Hello, i will start the build of the cleaver pedal.
I want to know what the Switch do exactly on this build please?
Thanks
Marc


----------



## phi1 (Apr 26, 2019)

It activates a higher gain mode.  Since it's based on the Keeley Katana, maybe it's like the high gain mode on the Katana mini.  In any case, you can see from the schem that it brings a cap in on the source of both jfets, which would make both transistors higher gain.
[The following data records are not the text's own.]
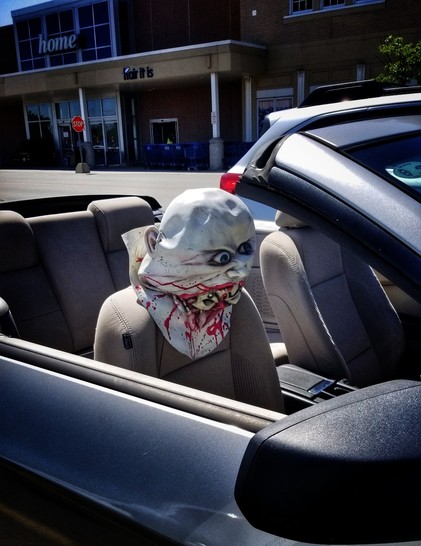 An open top convertible parked in a store lot on a sunny day. There is a scarry Halloween-ish mask over the headrest of the passenger seat.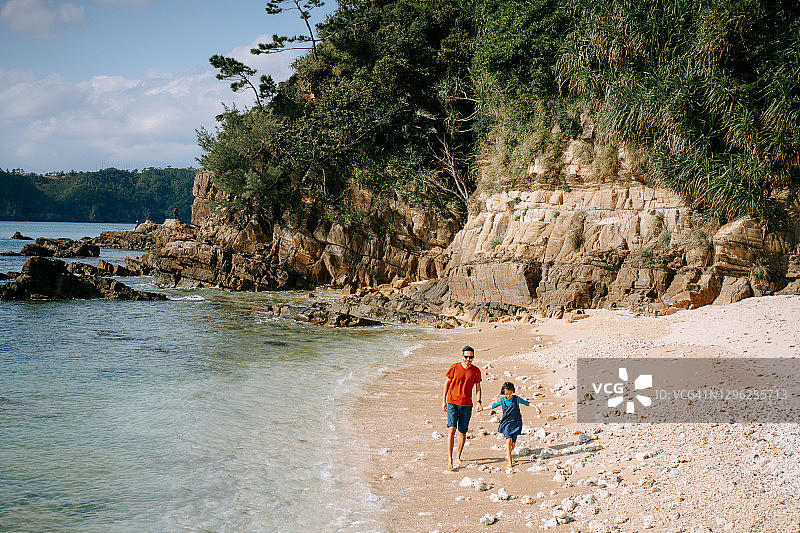 父亲和孩子在日本的海滩上散步图片素材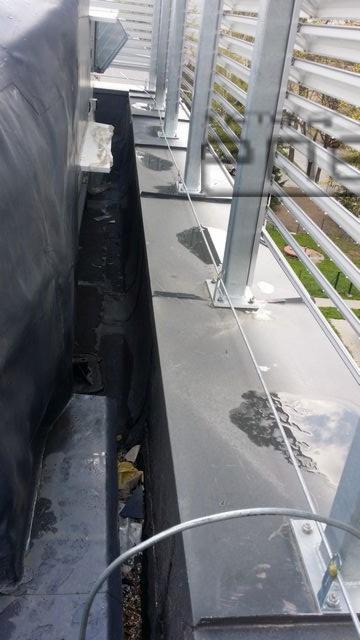 Metalowa konstrukcja wsporcza na dachu z widocznym systemem odwadniania i elementami instalacji odgromowej, skierowana w stronę budynku z żaluzjami.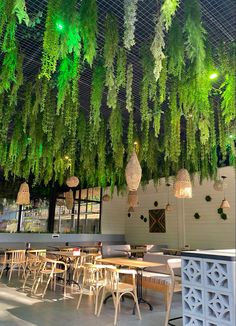 an indoor restaurant with tables and chairs covered in green plants hanging from the ceiling above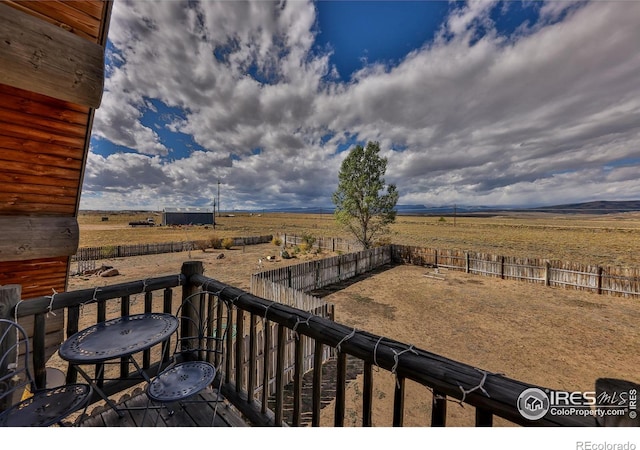 wooden deck featuring a rural view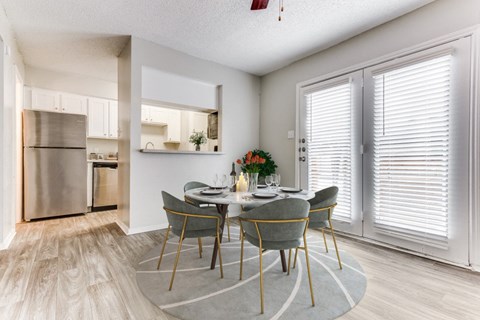 a dining room with a table and chairs and a kitchen with stainless steel appliances at Falls on Clearwood Apartments, Richardson, TX, Texas
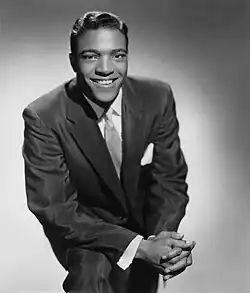 Black and white picture of Clyde McPhatter sitting down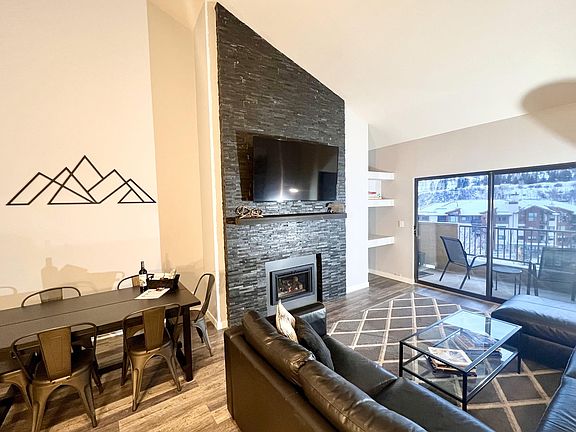 Living room with large sofa-bed sectional and storage chaise lounge, 65 in LED TV, fireplace, balcony with grill and sweeping views of Beaver Creek mountain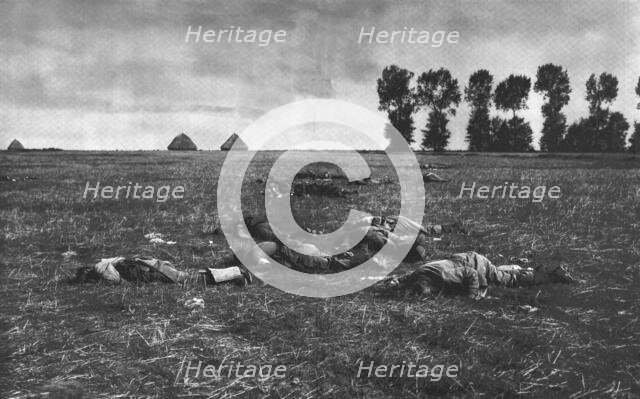 ''Le Reve Ecroule; Des cadavres Allemands dans la plaine', 1914. Creator: J Simont.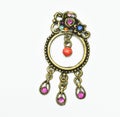 Retro earing made of metal and colorful stone Royalty Free Stock Photo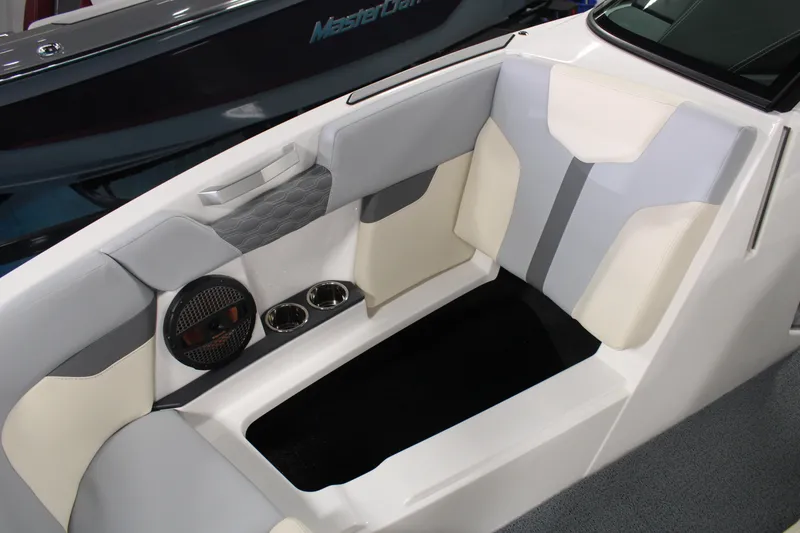 Slide: The Image of 2024 MasterCraft XT24 boat interior with cushioned seating and built-in speakers. - 12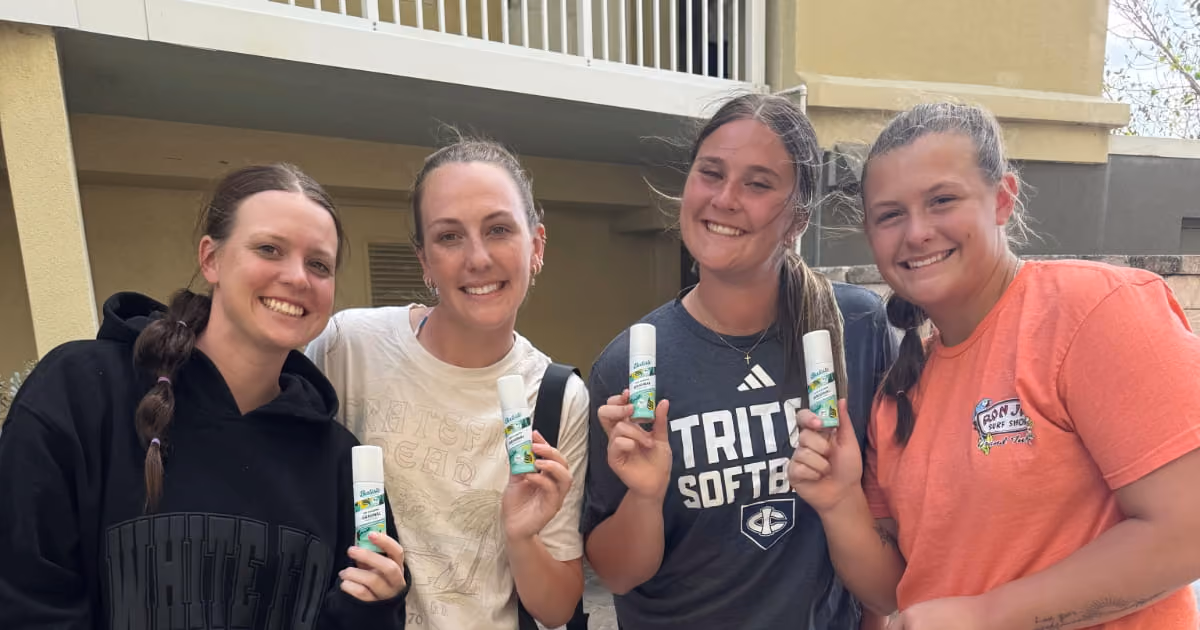 softball girl-team holding batiste samples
That said, this is different than schematics of the Katana I've seen, which have the 15n switch in in a different place (after the 220n to ground for a treble cut).  I'm not sure which is correct for the original Katana.  Maybe PedalPCB could chime in.


----------



## baloubass (Apr 27, 2019)

Ok thank you so much.
As i read, it's seems the treble cut are a possibilty on the katana mini, not on the original katana. On the "big" katana this switch are integrated in the push/pull pot.


----------



## phi1 (Apr 27, 2019)

Ah I think you're right, on the big one the vol knob is the dual pot. Still, on all the shematics I can find, the 15n side of the dual switch connects after the 220n (to vol 3).  My suggestion would be to not include the 15n when you first build it so you can experiment with it where you like it using alligator clips.


----------